Defendants: At the time of filing, the defendants included both the State of Oregon and Oregon's legislative leadership. On August 24, 2006 in order to prevent the possibility of costly and time-consuming procedural motions, and quickly and efficiently resolve the constitutional merits of the case, the plaintiffs dropped the six named individual legislators from the lawsuit. The suit continues against the State of Oregon. Please refer to this August 24, 2006 Press Release

Who are the funders?

This effort is being funded by a broad coalition of organizations and individuals from the legal, business and education communities.

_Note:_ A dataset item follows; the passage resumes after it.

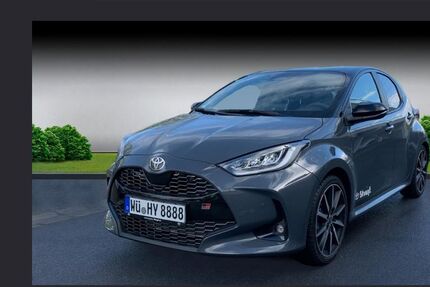Toyota Yaris 1.500 km 34.890 € Würzburg 97076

What is the legal strategy?

The claims are rooted firmly in two separate but equally powerful provisions of Oregon’s Constitution. Article VIII, Section 8 requires the Legislature to appropriate in each biennium a sum of money “sufficient to ensure that the state’s system of K-12 public education meets quality goals established by law.” Article VIII, Section 3 requires the Legislature to “provide by law for the establishment of a uniform and general system of Common schools.” The Legislature apparently doesn’t fully understand what its constitutional obligations are with respect to providing a quality education system. So we’re asking the court to clarify those obligations and to instruct the Legislature to fulfill them.

Can the courts enforce a decision upon the legislature?

That question has been raised in many of the 38 states where similar litigation has been filed. An overwhelming majority of courts in those states have recognized that the final authority to determine adherence to the Constitution resides with the Judiciary. In other contexts, the Oregon Supreme Court has similarly recognized that, although the Legislature has the constitutional authority to decide how to satisfy its constitutional obligations, the Judiciary has the final authority to determine whether those obligations have been satisfied.

What does this suit aim to accomplish?

We want Oregon schoolchildren to receive the quality education to which they are constitutionally entitled - the quality education that voters demanded by a 2-1 margin when they passed Measure 1 in 2000. That’s what we’re asking for in our Complaint - we want the Legislature to provide for the specific qualitative changes in our schools that are required to satisfy the quality goals established by law in Oregon.

What happens to funding for other vital state services?

While we recognize the importance of many other state services, this is a legal action, not a policy debate. The Constitution imposes certain obligations on the Legislature, and compliance with those obligations is not optional. The Legislature must live up to its education funding obligations regardless of other demands, and regardless of whether the state’s economy is in a boom or a bust phase. Ultimately, the Legislature will have to make whatever policy choices are necessary to ensure that it satisfies its constitutional responsibilities. But simply abdicating those responsibilities is not an option.

Is the QEM (Quality Education Model) relevant?

From a legal perspective - and that is what this case is about - the QEM is not only relevant, it’s dispositive. Article VIII, Section 8 of the Oregon Constitution requires the Legislature to provide funding sufficient to attain the statutory quality goals established by the Legislature in 1991. The Legislature, in turn, vested the Quality Education Commission with the authority to determine - using the QEM - the specific qualitative changes that were required for our schools to attain those quality goals. The Legislature has never adopted an alternative standard.

Can’t the legislature just change the law?

The key point is that, whether or not the Legislature could change the law, it hasn’t. This case, like any other legal case, has to be decided based on what the law is, not what the law might be. Pursuant to statute, the Legislature may “make a determination that the report of the Quality Education Commission should not be used as the basis for carrying out” the Legislature’s reporting requirements. In that case, however, the Legislature must “identify the reasons for not using the report” and must “outline an alternative methodology” for making its findings, which must be based on “(A) research, data and public values; and (B) the performance of successful schools and/or professional judgment.” The Legislature has not done so. And at least with respect to the 2005-07 biennium, it’s too late.